# Audible rank and sales calculator?



## David VanDyke (Jan 3, 2014)

Does anyone know of a sales and rank calculator for Audible? Or even a table that would provide a rough guide? As in, thus-and-so ranking equates to roughly this many sales?

A few minutes of searching turned up nothing.


----------



## GeneDoucette (Oct 14, 2014)

David VanDyke said:


> Does anyone know of a sales and rank calculator for Audible? Or even a table that would provide a rough guide? As in, thus-and-so ranking equates to roughly this many sales?
> 
> A few minutes of searching turned up nothing.


I don't, and I can see how building one might be challenging. A download today might affect today's rank (on Amazon) but you wouldn't see it reported as a download for 2 days because of the lag time on the ACX side for reporting sales. ACX also has some loud language about that report not being final until payment is issued. Worse, it records sales from all venues, so a download in iTunes would be there, but wouldn't have an impact on any of the places I know of to see rank for an audiobook.

I do know the marketplace is smaller so the ranks move more with fewer sales than in the ebook marketplace. A few hundred sales in a day will get you close to top 100 in audio.


----------



## RD (Dec 19, 2015)

Is there any rough estimate for this? Top 5k on audible is around 5 sales per day etc? I really have no idea how many copies I'm selling.


----------



## grace.fool (Apr 22, 2020)

hello everyone, probably the post is too old but this answer can help someone. I conducted studies and, after publishing 17 audiobooks, I had the opportunity to monitor ranking and sales in the first period of 2020 (from January to today). The ranking linked to sales is therefore faithful to the number of audiobooks on audible today but the numbers still give an idea.
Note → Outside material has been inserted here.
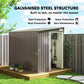 5'x7' Lean to Galvanized Metal Shed with Foundation, Garden Tool Storage House w/ Sliding Door and 2 Vents, Light Grey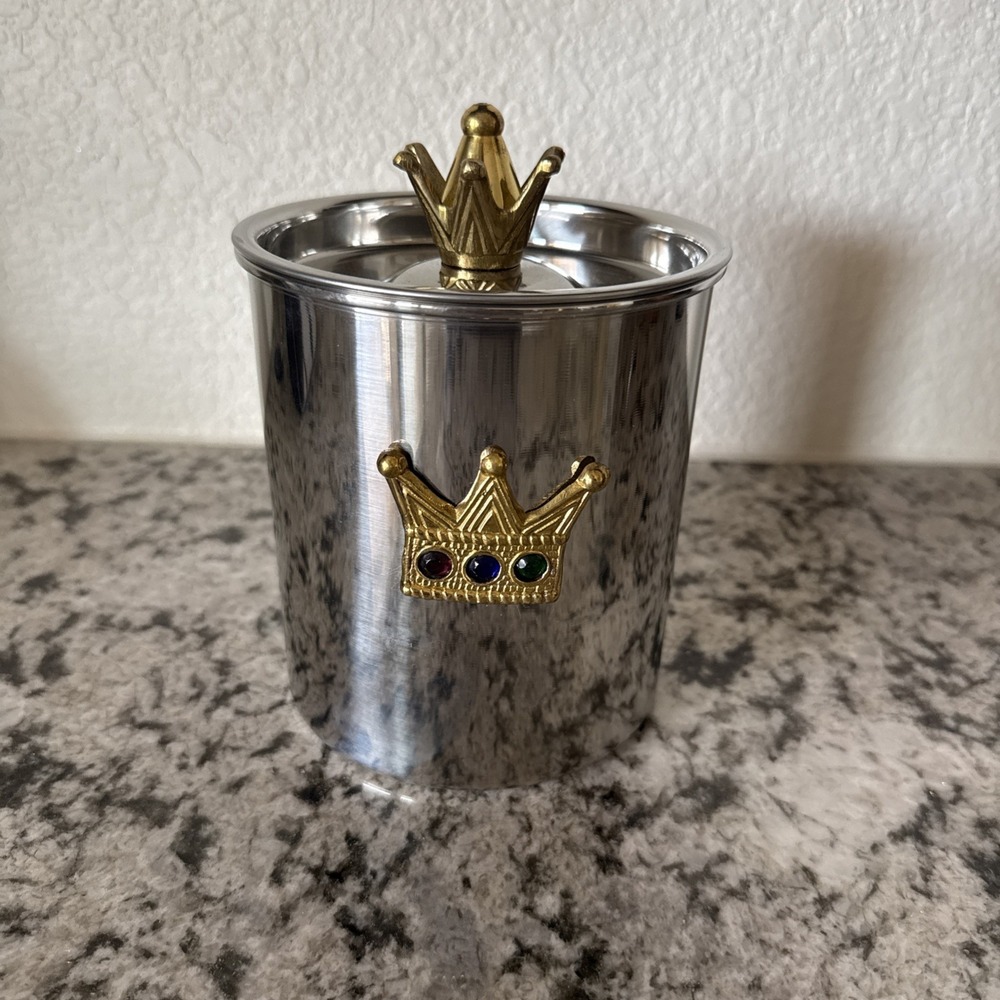 Vintage Mizar Chando India Stainless Steel Ice Bucket Crown Lid Brass Emblem MCM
Personally, I found the following sales per day based on the ranking on Audible:

= 1000 (45/50 sales)
= 2000 (30/35 sales)
= 4000 (15/18 sales)
= 5000 (10/13 sales)
= 10000 (6/8 sales)
= 21000 (4 sales)

These numbers will certainly change over time but give an idea of the ranking that a keyword should have (which in my opinion must always be below 15000). I also suggest you take a look at the Audio cash Pro extension because it not only helped me find new keywords but also to monitor the rankings quickly! however it also calculates the royalties of the acx dashboard, I've found that with this video *https://www.youtube.com/watch?v=AS22AiN7yws*

Hoping this post will help you


----------



## Wayne Stinnett (Feb 5, 2014)

If you look at your ACX dashboard, you can get a lot better than a range of sales. Of course, the two-day delay in reporting is a pain.


----------



## KevinH (Jun 29, 2013)

I made an attempt at this, but threw in the towel. The 2-day [and sometimes longer] lag made it too difficult. Plus, not knowing where sales came from obviously had an effect. For instance, selling one copy of a title made the sales rank jump from about 98K to 35K. On that same day, another title sold two copies, but the rank fell from 38K to 46K. There may also have been other factors at play (e.g., a miscount that later got corrected), but stuff like that just made me feel like it was an exercise in futility.


----------



## Wayne Stinnett (Feb 5, 2014)

You're assuming a stagnant rank calculation where one sale on one day means something. That's not how it works, because rank is updated hourly. If a book is at #1000 after one sale, then gets 1000 sales in the next hour and just one again in the third hour, the rank doesn't go from #1000 to #1, then back to #1000.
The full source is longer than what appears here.